While Ahimsa is commonly referred to as “non violence” the more correct literal translation from Sanskrit is “absence of injury”. This is an ancient concept that originated in the Vedas—Indian spiritual and philosophical wisdom dating from 1900 BCE. This concept is over 4,000 years old.
Yet, many mislabel Gandhi as the ‘father of ahimsa or non violence’. They are not aware that Gandhi was symbolically reclaiming India’s rights and identity from the British Raj by embodying what had long been integral to ancient Indian philosophy: ahimsa.
What is Ahimsa?
Ahimsa means living in a way that causes no injury in thought, speech, or action to any being, including ourselves.

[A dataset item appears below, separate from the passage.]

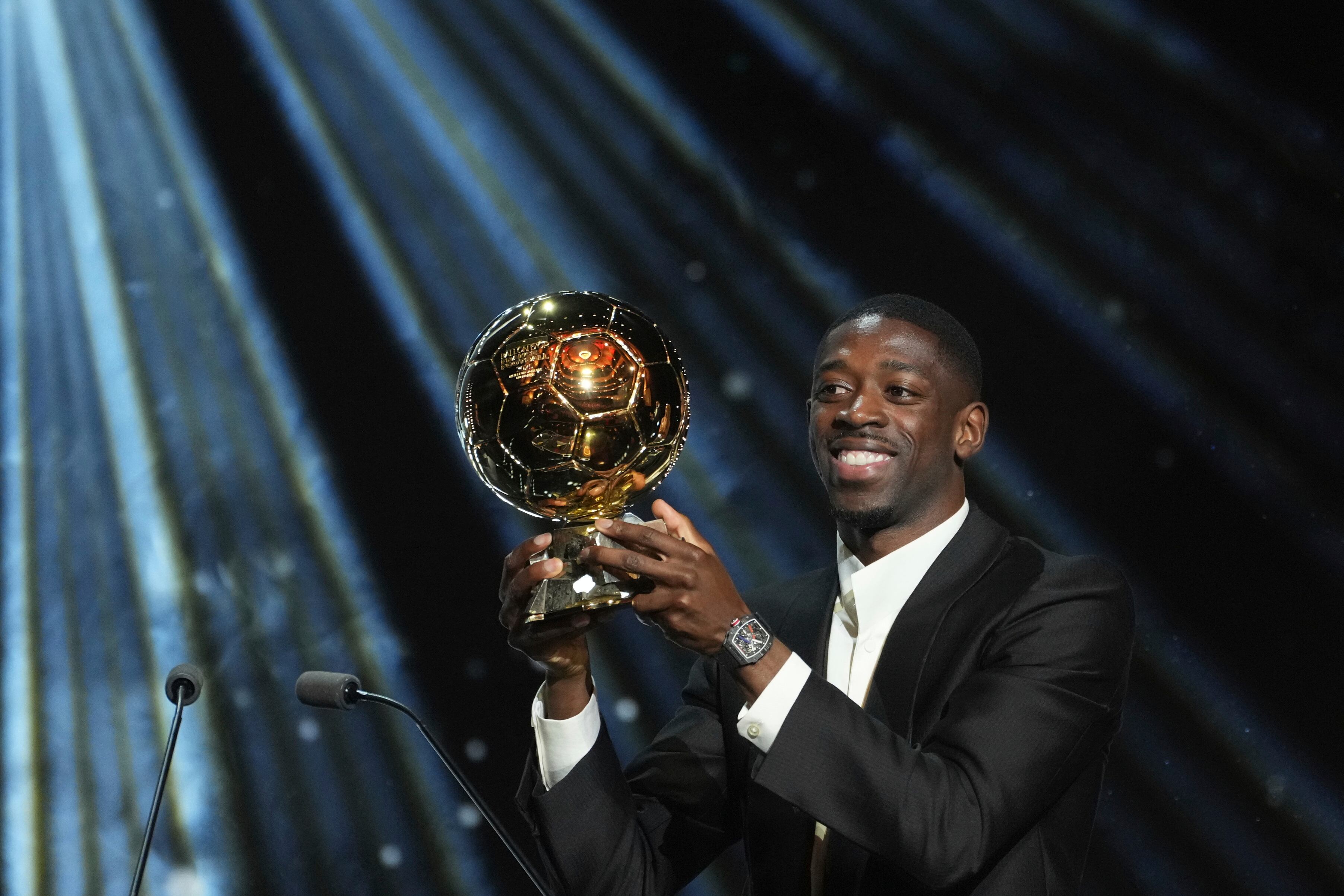 Ousmane Dembélé alza el trofeo como ganador del Balón de Oro 2025.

And the only way one causes no harm – is by understanding & resolving the conflicts within your own psyche. Ahimsa is always an internal process.

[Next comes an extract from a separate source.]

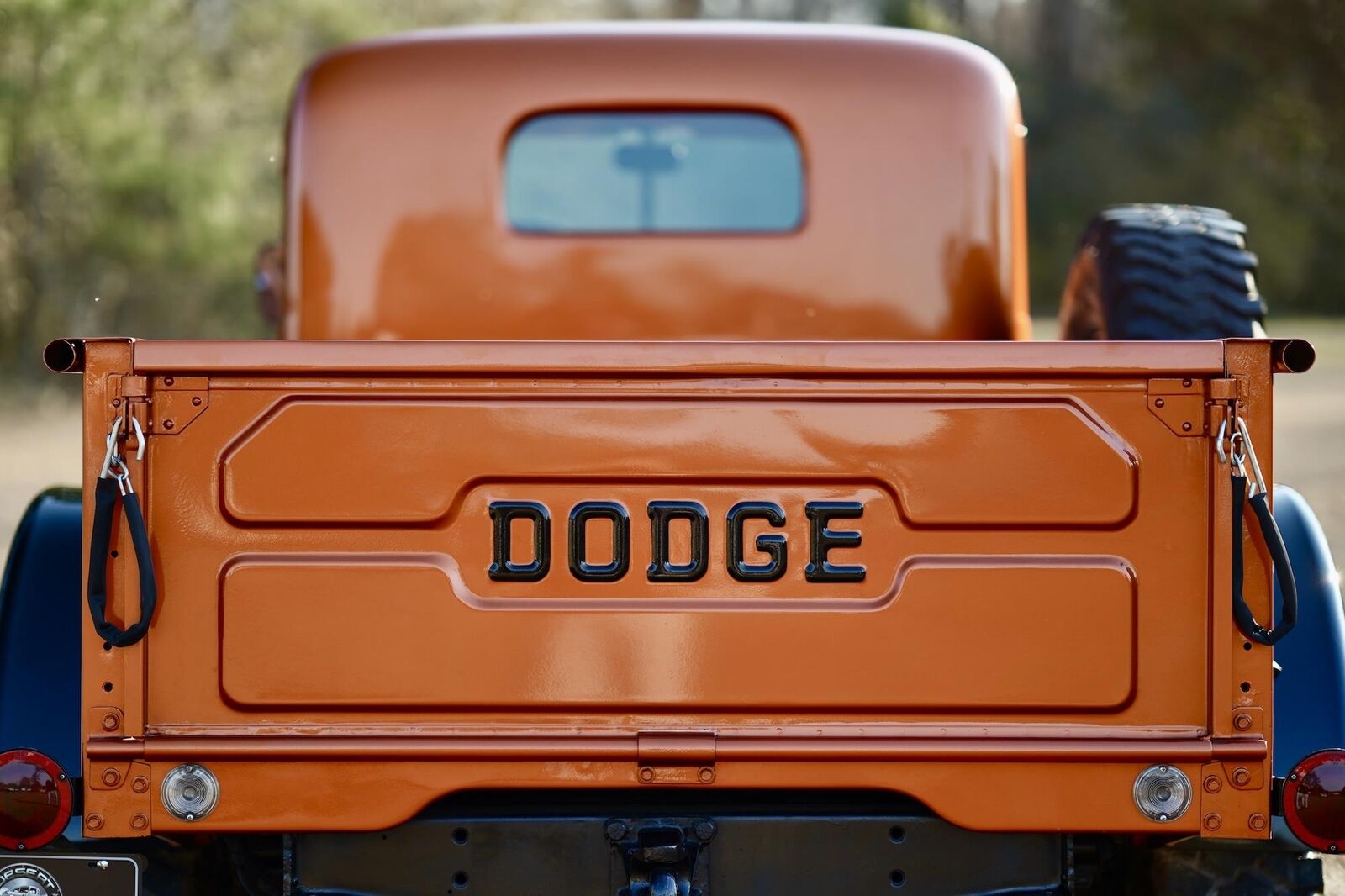 Dodge-Power-Wagon-Pickup-1968-Orange-Tan-167-24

If someone did something that impacted my emotions, beliefs or sense of self, then any response I make in that state of agitation – is an act of violence. To practice ahimsa – you have to reflect on the root cause of that agitation and resolve it within yourself. Only when you are genuinely not agitated internally – are you able to practice ahimsa.
Other concepts confused with Ahimsa
Ahimsa is not to be confused with kshama (forgiveness) or daya (compassion or kindness). Ahimsa goes beyond these concepts. If I (my ‘ego’) feels injured by someones action – then I need to forgive them (Kshama). And if I can’t forgive, then I need to show compassion (daya) as this prevents me from reacting to the situation negatively. You see, forgiveness, compassion or kindness are all egoic processes and as long as you have to forgive, show compassion or kindness, you are not really practicing ahimsa.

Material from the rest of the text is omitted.